Veel meer diagnostische waarde gegeven aan het vinden van het epitheel. Met een zekere vaardigheid, kan men het epitheel van de galkanalen, de blaas en de twaalfvingerige darm onderscheiden, en dus een actuele diagnose van het ontstekingsproces uitvoeren, vergezeld van desquamatie van epitheliale cellen. Het epitheel van de hepatische galkanalen is laag prismatisch, de ronde kernen bevinden zich dicht bij de basis, er is geen cuticula. Het epitheel van de galblaas is hoog prismatisch met een relatief grote ronde kern dichtbij de basis. Het epitheel van de galbuis is hoog prismatisch, ziet er bijzonder lang en smal uit ("match" cellen), heeft dezelfde lange en smalle kern. Het epithelium van de twaalfvingerige darm is groot, met een grote grote kern en een verdikte cuticula.

Bepaald belang wordt gehecht aan de aanwezigheid van cholesterolkristallen, die de vorm hebben van dunne, kleurloze vierhoekige platen en bruinachtige calciumbilirubine-klonten. In kleine hoeveelheden kunnen ze voorkomen bij gezonde mensen. Het vinden van een groot aantal van hen, hoewel het geen direct bewijs is van de aanwezigheid van galstenen, maar wijst op een dergelijke mogelijkheid, wat wijst op een verlies van colloïdale galstabiliteit.

Microliths (microscopische stenen) zijn donkere, licht-brekende ronde of veelzijdige formaties. Ze bestaan ​​uit kalk, slijm en cholesterol. Microlithen worden vaker gevonden in delen B en C. Aangezien microlithen geassocieerd zijn met het proces van steenvorming, heeft het vinden van deze een grote diagnostische waarde.

Galzuren zijn onder de microscoop zichtbaar in de vorm van kleine bruinachtige of felgele korrels. De detectie van overvloedig sediment van galzuren met grote zorg (vanwege de moeilijkheid om de onzuiverheid van maagsap volledig te elimineren) kan worden beschouwd als een indicator van dyscholia.
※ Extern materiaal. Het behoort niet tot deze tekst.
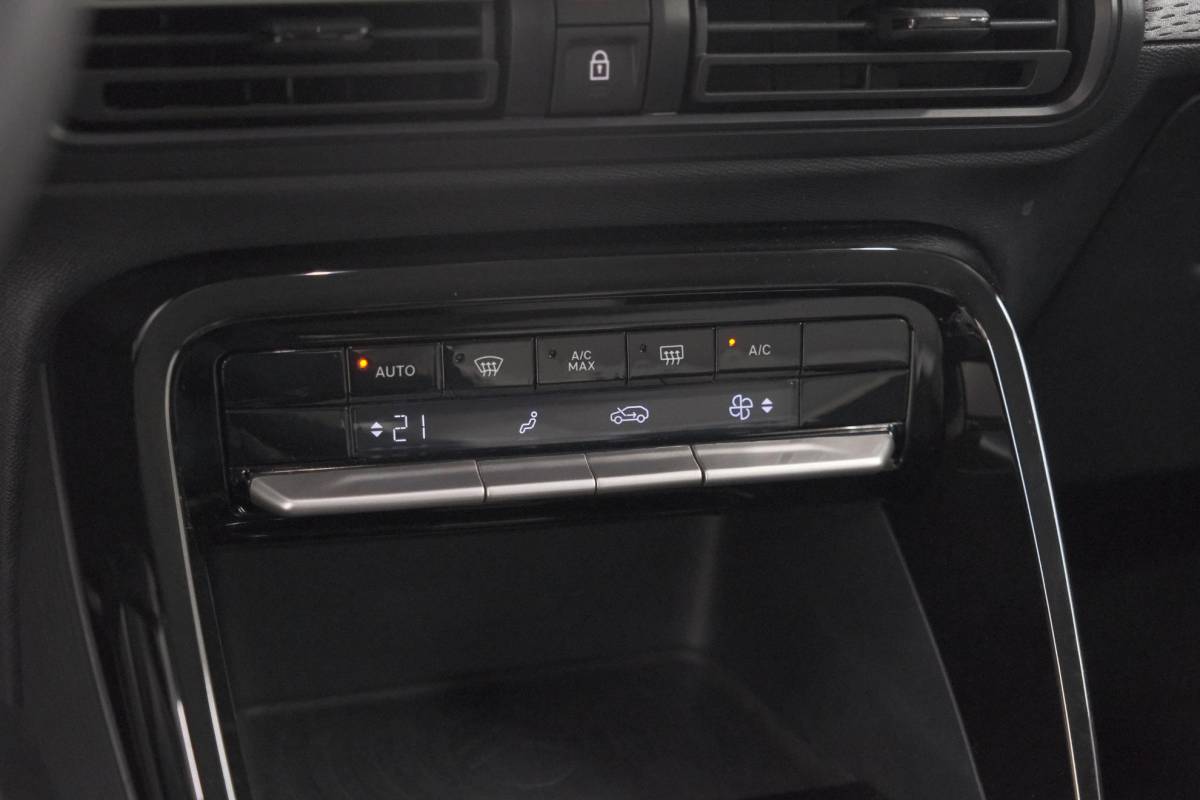 Citroën ë-C3 Citroen Ë-C3 Max 113pk 44 kWh | 11 KW Lader | Camera | Navigatie | Parkeersensoren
Vetzuren - kristallen, in de vorm van zachte lange naalden of korte naalden, gegroepeerd in bundels. Detectie van vetzuurkristallen in "schone" galblaasgal kan worden geïnterpreteerd als een indicatie van een afname van de pH van gal als gevolg van het ontstekingsproces, evenals een afname van de oplosbaarheid van vetzuren in gal (met uitzondering van het binnendringen van vetzuren met de inhoud van de maag).

Parasieten. Bij de duodenale inhoud kan men eitjes van staartvinnen (lever, katachtig, Chinees, lancetvormig) vinden, evenals de larven van de darm van de paling. De diagnose van de bijbehorende helminten is hierop gebaseerd. In de duodenale inhoud worden vaak vegetatieve vormen van Giardia gevonden. Giardia zijn protozoa die in de twaalfvingerige darm en dunne darm (en niet in de galwegen) leven, maar alle fracties van gal worden aangetrokken vanwege de irriterende werking van de sonde en magnesiumsulfaat.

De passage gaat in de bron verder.